By Anna Hirtenstein and Michael Wursthorn 

U.S. stocks bobbed up and down Thursday in a volatile trading session, leaving the S&P 500 teetering on the edge of correction territory amid ongoing concerns around the coronavirus pandemic and a contentious presidential election.

The stock market has struggled to find direction after a stretch of volatility this month that has pulled the S&P 500 down more than 9% from its Sept. 2 closing record.

The S&P 500 was up 0.2% to 3243 in recent trading after swinging between modest gains and losses. It would need to close at or below 3222.76 to enter a correction, which would mark a 10% drop from its recent high.
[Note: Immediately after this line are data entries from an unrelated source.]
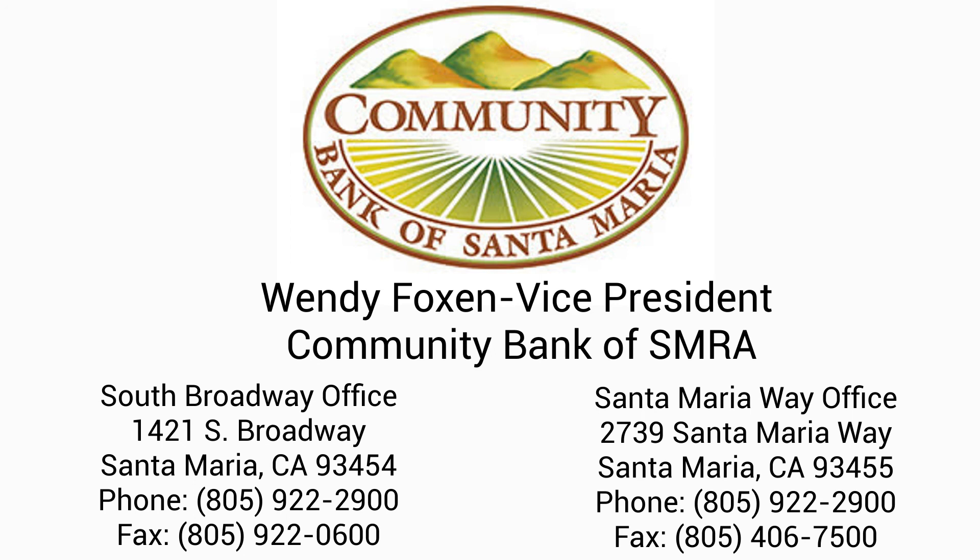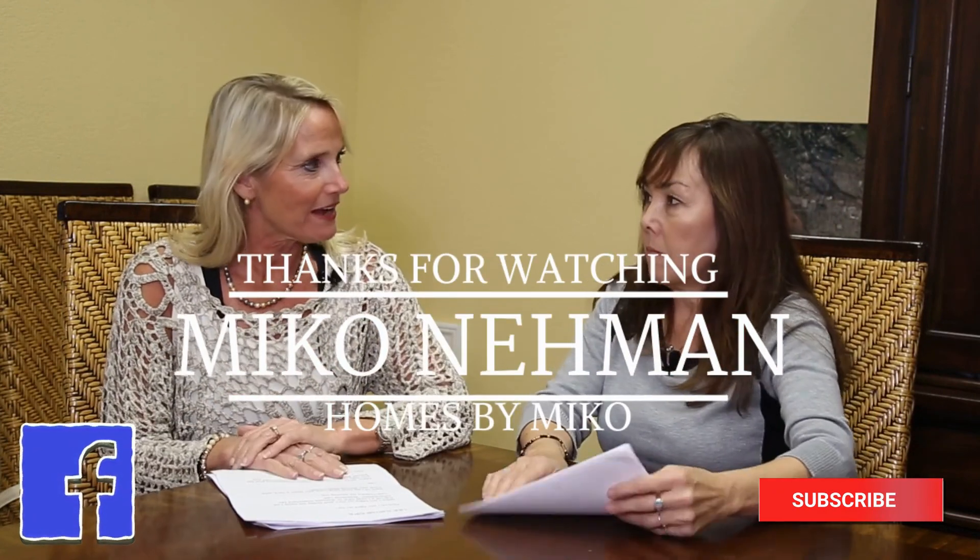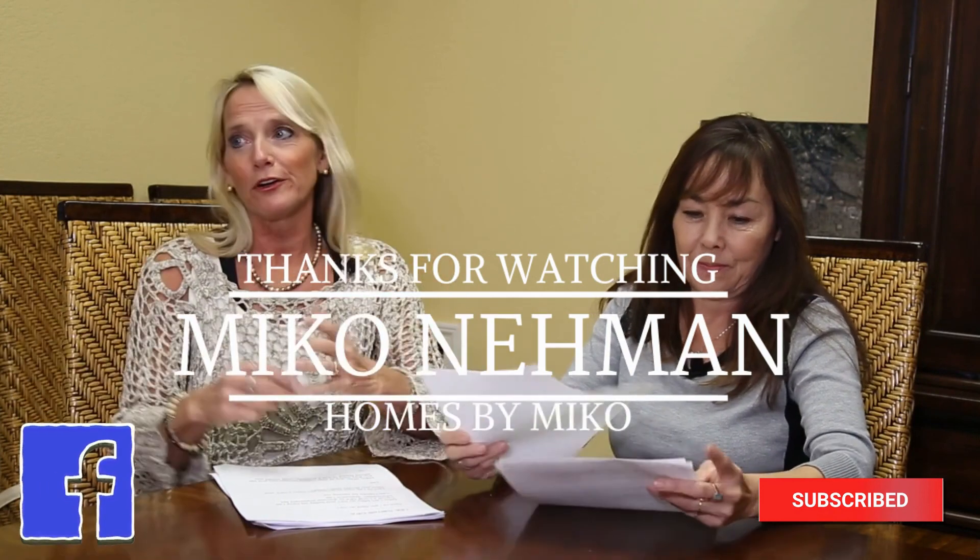Come see me — my name's Wendy Foxen. We're aggressive in making loans, we make our own decisions, and you're dealing with me personally. We have four other loan officers at the bank if I'm unavailable. Thank you for joining us. Thank you for having me. I can be reached at 805-714-8124, and I can be reached at 805-878-5056. Thanks for watching. To see more information, go ahead and click that button — you can reach me at 805-714-8124, and my number is 805-878-5056.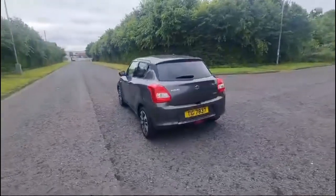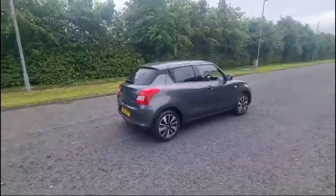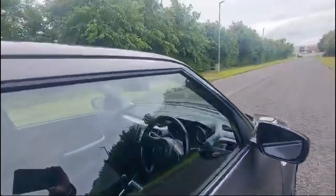Why not call down to the South Circular and ask for myself, Ross, Phil, or Jamie — we'd be happy to share all the information on this car and arrange a test drive. Alternatively, give us a call on 891 272701, or you can reserve the car online for just £99.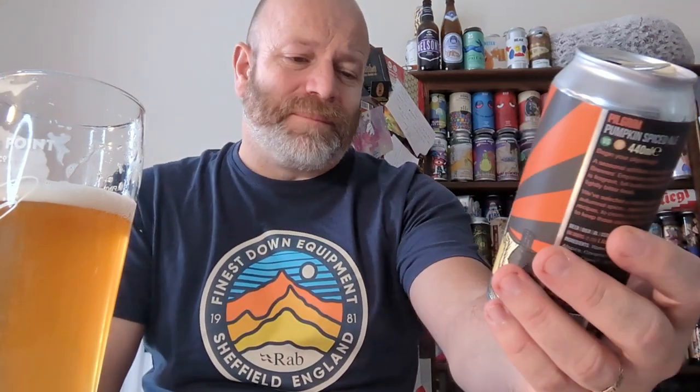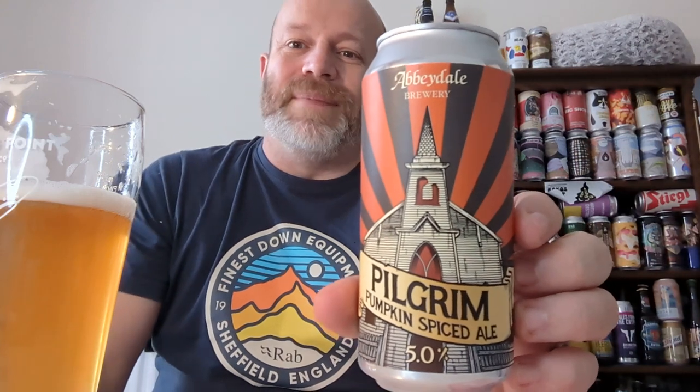So overall, boys and girls, does this get the big thumbs up? Massively — they've done a cracking job on it. Full of flavour and yeah, definitely buy this one again. Definitely one of the best autumnal beers about, for sure. And how much was this? £2.99 — still cheaper than the National Trust beer I bought, and it's better. And it's at 5%. Abbeydale Brewing Pilgrim Pumpkin Spiced Ale does exactly what it says on that can, and it's awesome.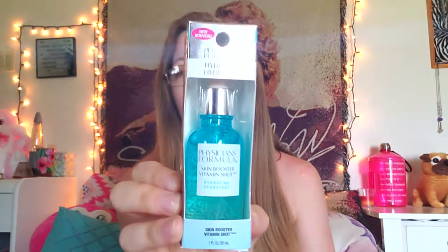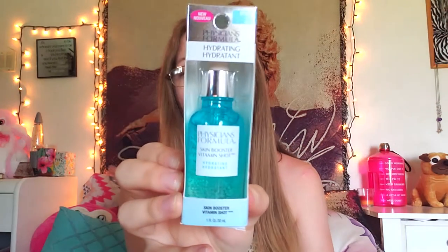I also have the Physicians Formula Skin Booster Vitamin Shot — this one is for hydration, and it's the blue one. They have three of these: one is a vitamin C boost, this one's hydration, and I think the purple one is like rejuvenation or restoring. Basically you put this on after you wash your face. Some people say to put this on before your moisturizer, and I might do that since I like my moisturizer to be the very last thing I do, then wait 20 minutes to do my makeup.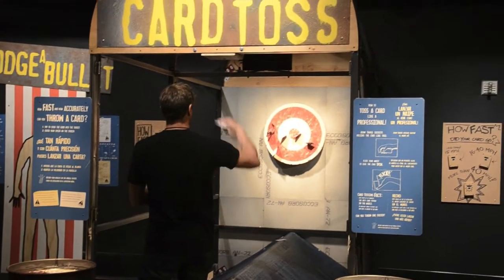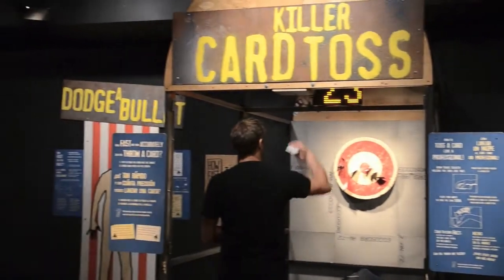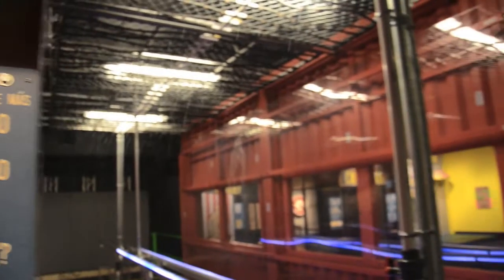Tell us about this exhibit. We're very excited about this exhibit, obviously. It's for all ages. It doesn't matter whether or not you're a fan of the show. It's really about the scientific method, and we're looking at it in a very fun, creative way, just like the Mythbusters do on the show.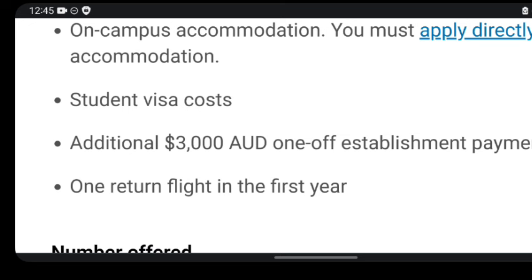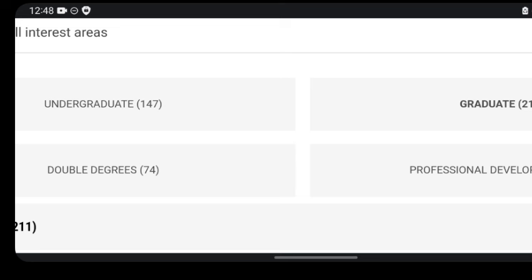I'll be sharing information on how to apply, the processes to follow, and the programs available on the university website. Make sure you watch this video to the very end for better intelligence about this university and the scholarship available. It's not just about applying to a scholarship — it's about checking if your program of interest is available at this school and if you meet the requirements. On this page there are 211 graduate programs and 147 undergraduate programs.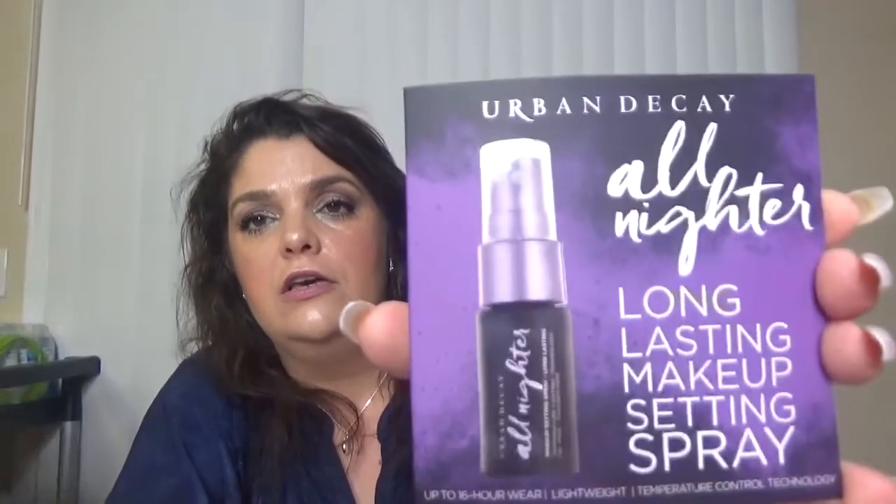The first product is Urban Decay All Night Long Lasting Makeup Setting Spray. This one seems to come often in boxes right now — this month and in July also. This setting spray is a must for long days and even long nights; it will keep your makeup looking fresh up to 16 hours. This is my favorite makeup setting spray from everything I've used. Full size it's $32, so not bad.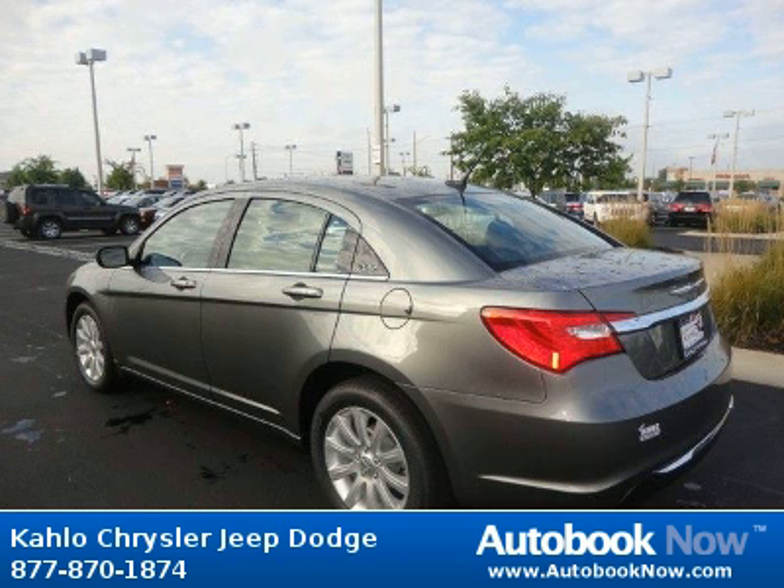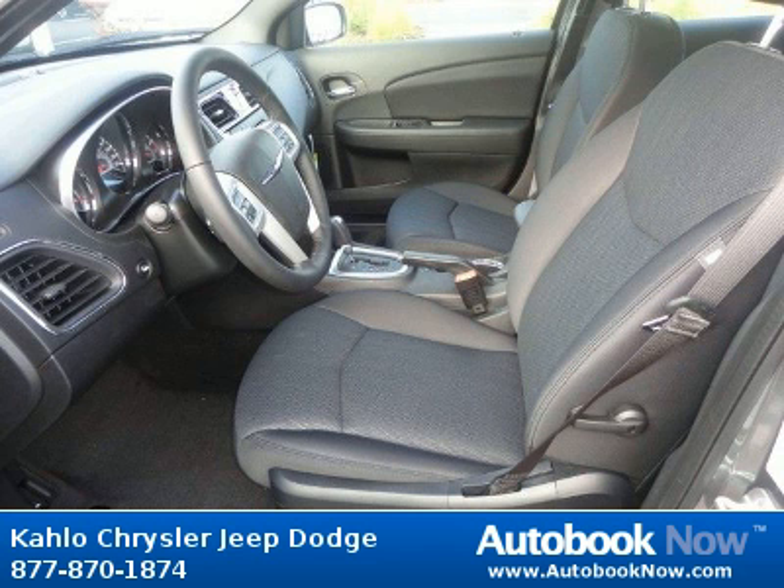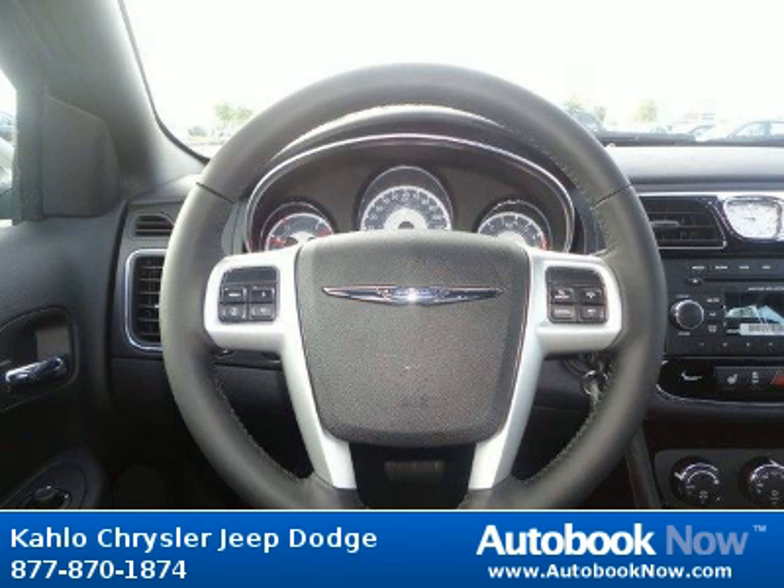Features include 17x6.5 aluminum wheels, P225-55R17 BSW all-season touring tires, compact spare tire, and much more. Visit autobooknow.com for more details.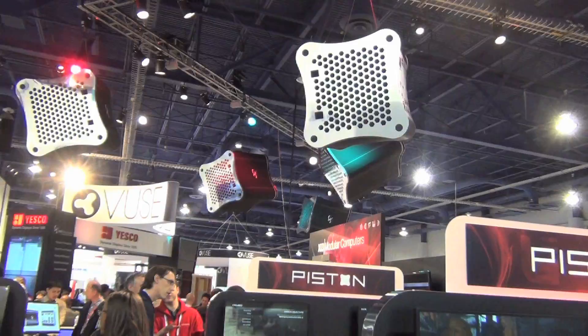Hey gamers, Saber from the Frag Dolls here. We're at CES 2014. I'm here with Whitney from XI3. How's it going Whitney? So we stumbled upon your booth here — we saw these big giant things hanging from the ceiling that are spinning around and it's pretty cool. So can you tell us what you're showing off here today?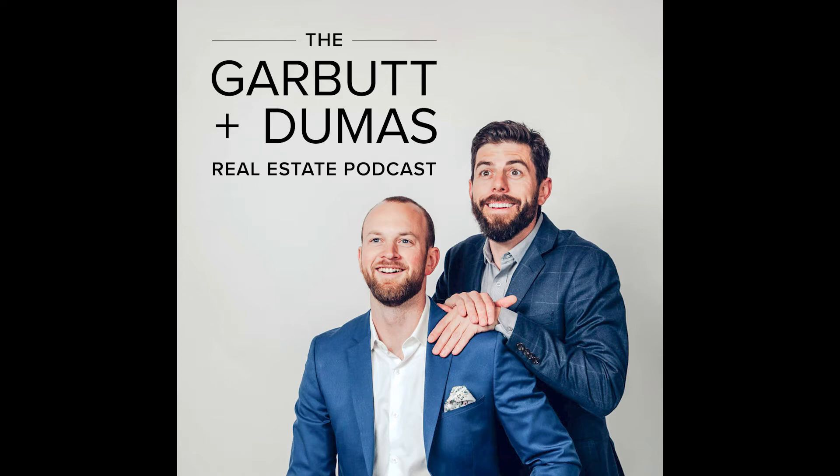Hi everyone, I'm James Garbutt and I'm Denny Dumas and this is the Garbutt Dumas Real Estate Podcast.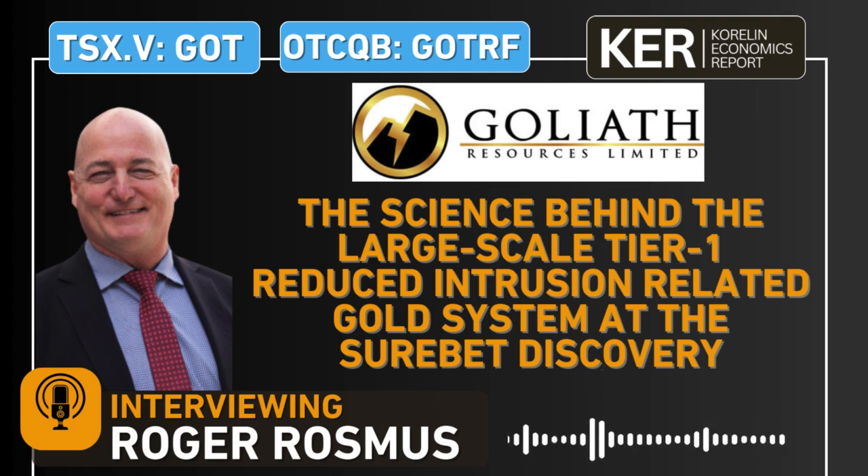Also joining us is a PhD student from the Colorado School of Mines, Randall Karcher. Today's discussion focuses on news put out to the marketplace on April 24th, confirming that the Gold Digger property and the SureBet discovery is a reduced intrusion-related gold system. That's the source of the mineralization, and you've got two flavors — stacked veins and dikes with bismuth, tellurium, and molybdenite.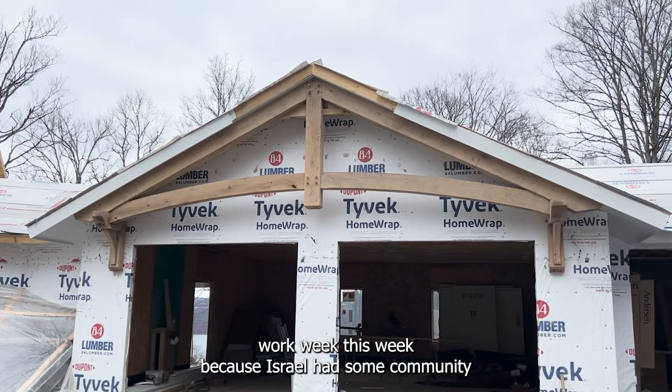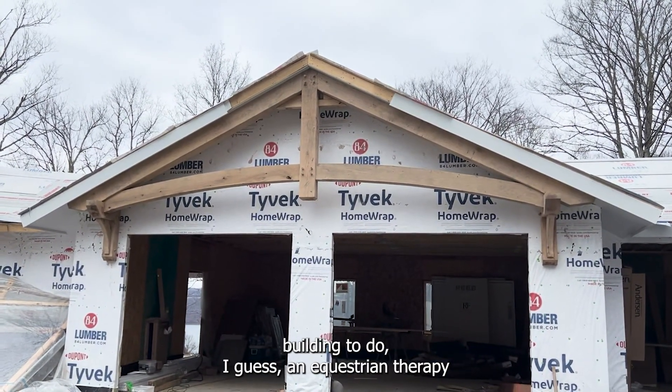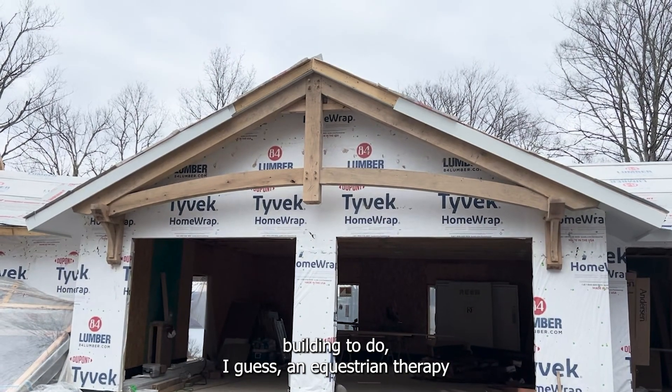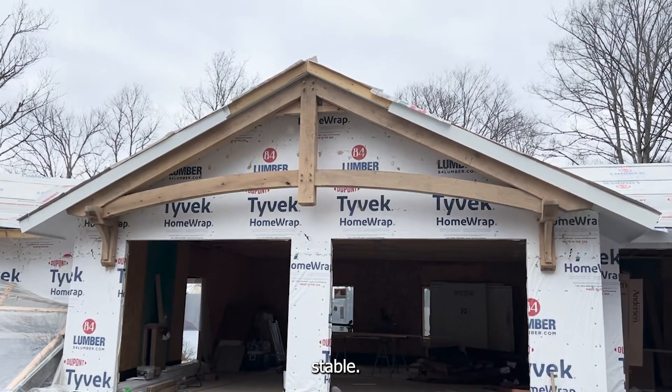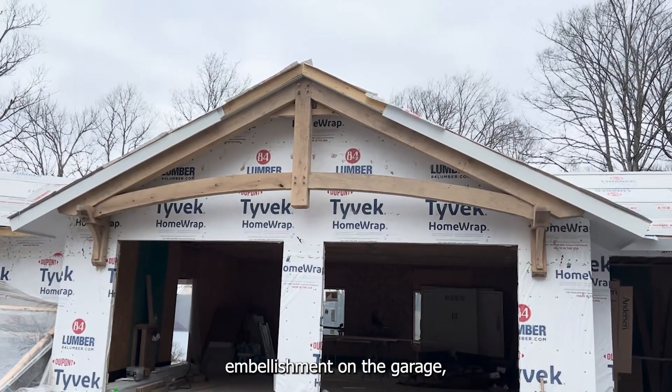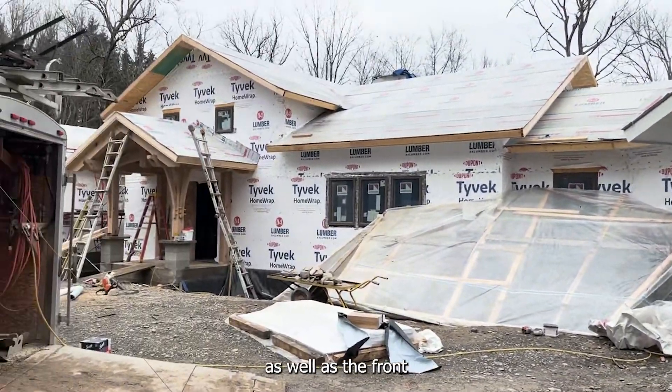It was only a three-day work week this week because Israel had some community building to do — an equestrian therapy stable. What they got done was the gable embellishment on the garage, as well as the front entry porch was installed.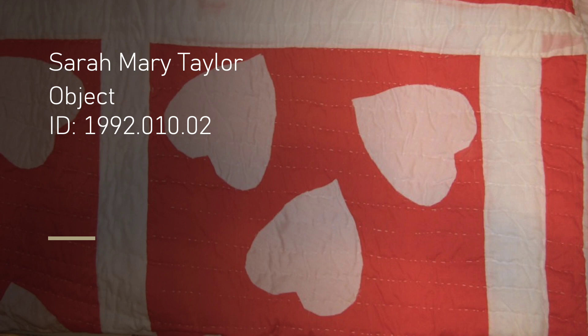It is clear that painstaking time has been taken to stitch each applique onto the backing cloth, and create a vivid piece of work that can be appreciated by many.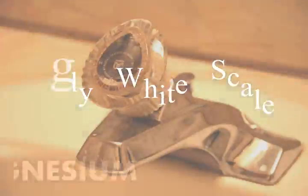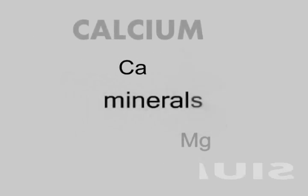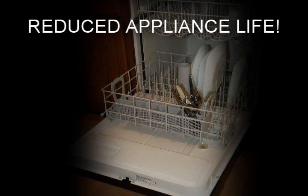If you have ugly scale and white spots on your faucets, shower heads or pots and pans, then you may have hard water with excessive dissolved minerals like calcium and magnesium. This can clog your pipes and reduce the life of water heaters and appliances.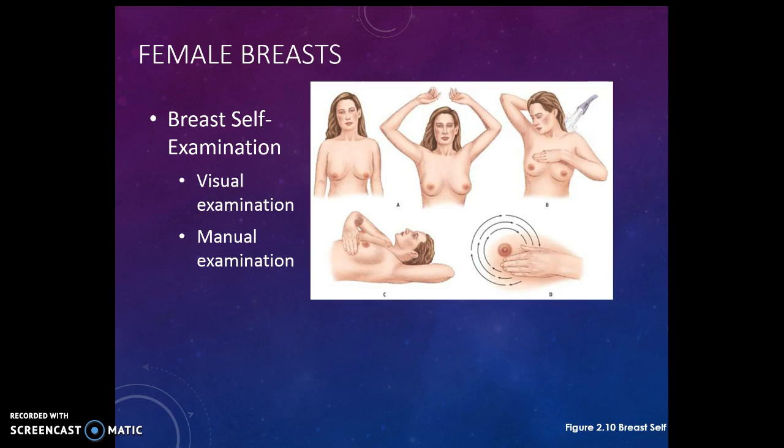Second is the manual examination. You can do this in the shower or lying down. Take one arm and put it behind your head — that stretches out all the breast tissue so it's easier to feel. With the other hand, feel all around the breast. This picture shows going around, but you need to feel around the nipple as well. Another way is to go up and down covering the whole breast. Don't lift your hand — just slide your fingers; if you lift your hand you may miss a part. Also feel your armpit, as there are lymph nodes that could become cancerous as well.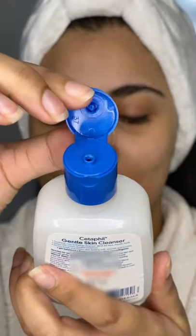My first skincare video was shot using my favourite Cetaphil cleanser, and since then I have been a constant user of Cetaphil products recommended by many dermatologists all around the world.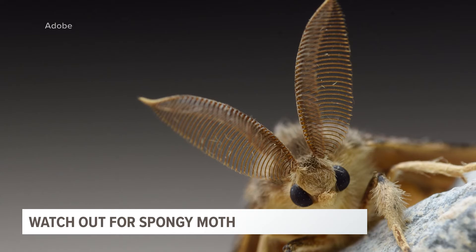Anywhere where you can reach the egg mass, scrape it off. Soapy water kills things pretty quickly, but you can just scrape it off and throw it in the garbage and take it away. There will be many more egg masses high up in the tree that you can't reach, but the more damage you do, the better off you're going to be.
The broad index briefly fell below that level Thursday morning following data showing hundreds of thousands of Americans continue to rely on jobless benefits. It was the latest evidence that the economic recovery from the coronavirus pandemic will be drawn-out, especially with cases on the rise and lawmakers deadlocked on how to proceed with further fiscal stimulus.

Stocks made a U-turn after the Commerce Department said home purchases reached a 14-year high, highlighting how the pandemic is reshaping life and economic activity.

They also got a boost from reassurances from Senate Majority Leader Mitch McConnell via Twitter that the winner of November's presidential election would be inaugurated as planned in January. The tweet appeared to be a response to President Trump's refusal to commit to a peaceful transition of power a day earlier.

Markets are rocky because investors have a lot to worry about, forcing them to reassess the value of stocks, said David Lefkowitz, an executive director at UBS Global Wealth Management's chief invesmtnet office. The S&P 500's flirtations with a correction is likely a reflection of the fact that investors don't expect further fiscal support before the election, he said.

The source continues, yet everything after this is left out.